I'm just as impressed with the success of the 3rd and 4th lines, especially the two players centering those two lines. Andrew Shaw appears to fit in as a natural as the third line checking center, but he always brings an intensity and previously unexpected and untapped offensive potential as well. With Bryan Bickell and Viktor Stalberg next to him, the third line has morphed from a checking line with scoring potential to a line that serves the equally effective purposes of offense and checking. Furthermore, Marcus Kruger on the fourth line is having a breakout season. We were told from Hawks brass previously how talented they thought he was, and we saw flashes of it. Yet, here Kruger is, emerging as a force defensively, both on the fourth line and on the penalty kill, and also beginning to show the offensive talent the Hawks have been talking about since he joined the club.

Keith is back to his old self
With the way this Hawks team has been playing, it would be easy to speak superlatives of the way the defense has been playing - except that they'd be true. Duncan Keith has had a resurgent year with the most noticeable change being in how fresh and fast he looks on the ice. Long known as the player who logs the most minutes on the team and some of the most in the league, Keith looks like the player that won the Norris trophy in 2010. It helps as well that he doesn't play as many minutes, which is due in large part to the success and depth of the rest of the defense. The reemergence of Niklas Hjarmalsson and the play of Nick Leddy has established the Hawks' defense as one of the best, and deepest, in the league. This defense, although full of legit two-way defenseman, knows and excels in its identity as puck possession defensemen. They're crucial to a great penalty kill as well as maintaining the offensive superiority they've maintained over other teams throughout the season. Quite simply put, without the success that unit has enjoyed, it's hard to imagine this Hawks team getting this deep into the season without a regulation loss.
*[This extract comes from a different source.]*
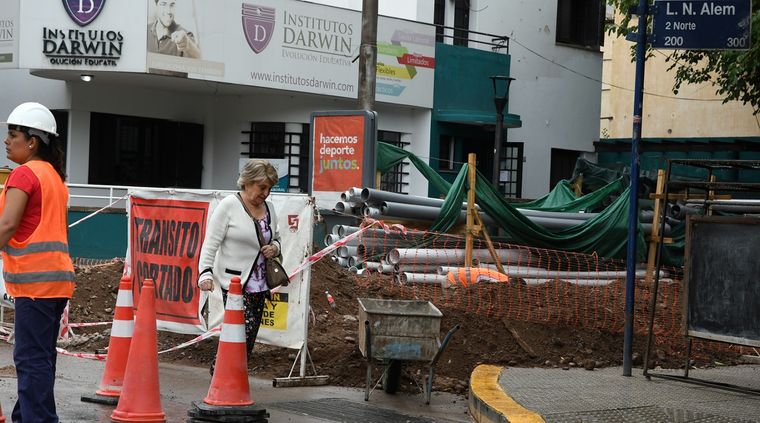 Tránsito cortado en calle San Juan de la Ciudad de Mendoza Foto: ALF PONCE MERCADO / MDZ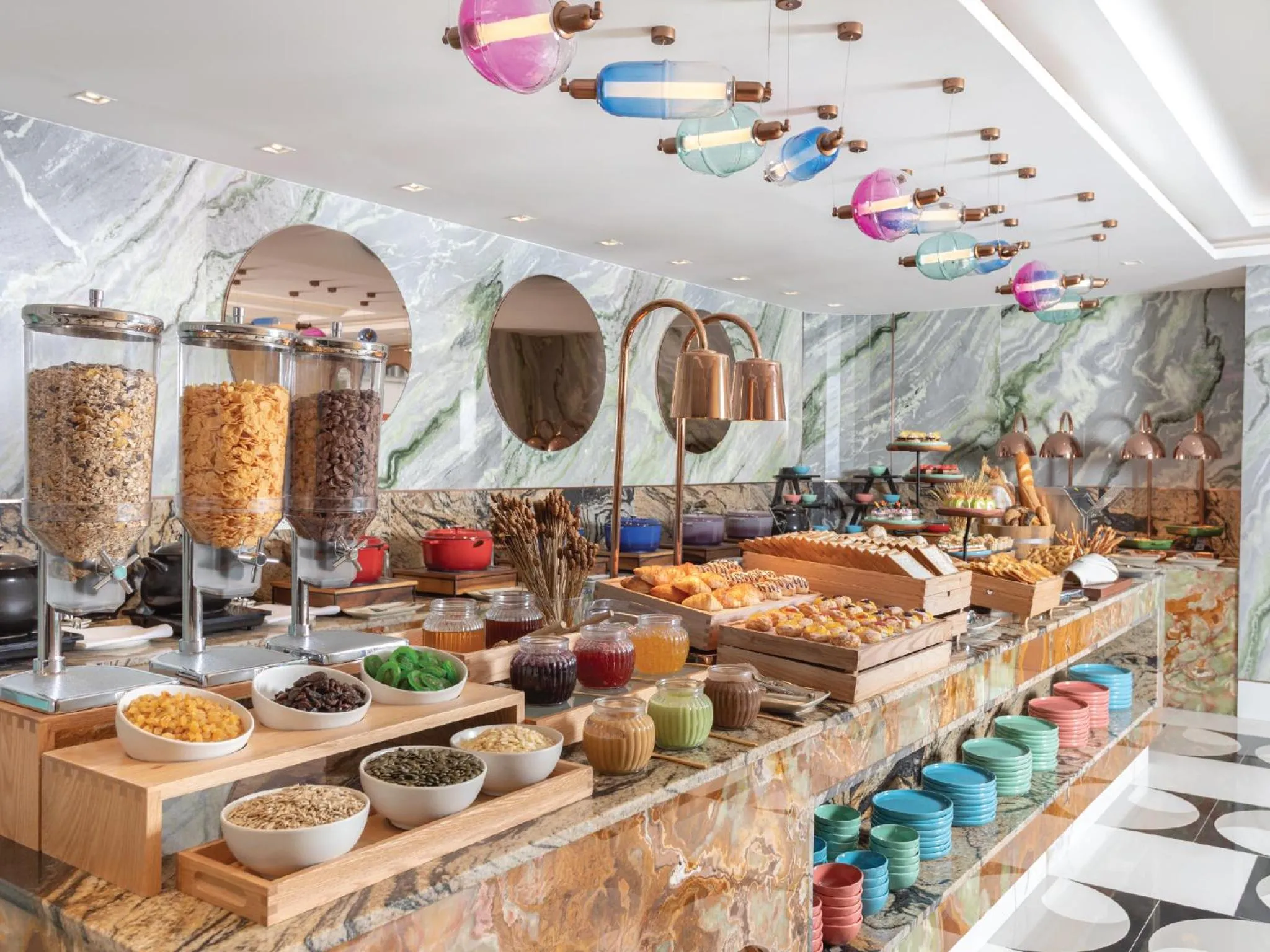 Restaurant/places to eat in Pipa Hotel Bangkok Sukhumvit 11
And yet, that's where this team is. 10-0-3. Undefeated in regulation. A special season awaits the Hawks if they can keep up their torrid pace. They have to keep getting production from all four lines, the defense, and solid goaltending. They must try to keep up their amazing effectiveness on the penalty kill, and try to improve an average power play. This is a team that is built to win, and is equipped to handle the shortened season better than most other teams in the league. The core of this team has already brought one cup back home to Chicago. With the way they're playing right now, they'll have every chance in the world to bring home another.